On the other hand, there is a vast body of existing work out there to build on, almost exclusively by people smarter than you are and who have put a lot of effort and thought into solving a specific problem. Some good examples in recent times are Paxos and similarly Raft consensus algorithms, F1 Distributed Database, BigTable, Map/Reduce and many many more. A great blog that I try to keep on top of is Werner Vogels’ All Things Distributed, where he maintains a mix of AWS-related announcement-style posts and musings on the various research papers he is reading while on flights between engagements. Needless to say that the Google Research Papers are another valuable source of information, as well as a lot of things coming out of the various SIG* organizations (e.g. SIGOPS, SIGGRAPH).
But back to my point. Having recently coded up a few systems which hurl copious amounts of requests at various AWS services, I very quickly found out that you WILL get errors and need to handle them in a smart way. Not retrying is not an option, as is retrying indefinitely with no limit. Linearly-spaced retries with a limit tend to also suffer from abusing the target system beyond what it can tolerate, before giving up entirely and perhaps prematurely.

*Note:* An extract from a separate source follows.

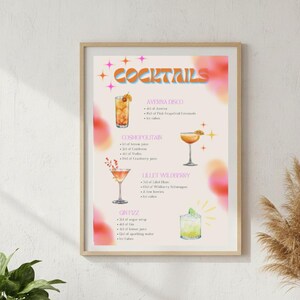 Peut inclure: Une affiche encadrée avec le mot "COCKTAILS" en orange et rose. Elle présente des recettes et des illustrations de quatre cocktails : Averna Disco, Cosmopolitan, Lillet Wildberry et Gin Fizz. Le fond est un dégradé rose et orange flou, avec des étoiles.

Once you start to implement a system with exponential backoff similar to how most multi-access medium algorithms work (think Ethernet with CSMA/CD), you are finally starting to get somewhere.
Someone at $EMPLOYER recently linked to this paper which details backoff mechanisms utilising a Fibonacci sequence. It is very interesting work, and taking the time to read and understand such research allows you to build stronger, more resilient software with characteristics far exceeding what you could have come up with on your own. This in itself I find fascinating and addictive. I strongly recommend giving it a read and utilizing this approach to building software.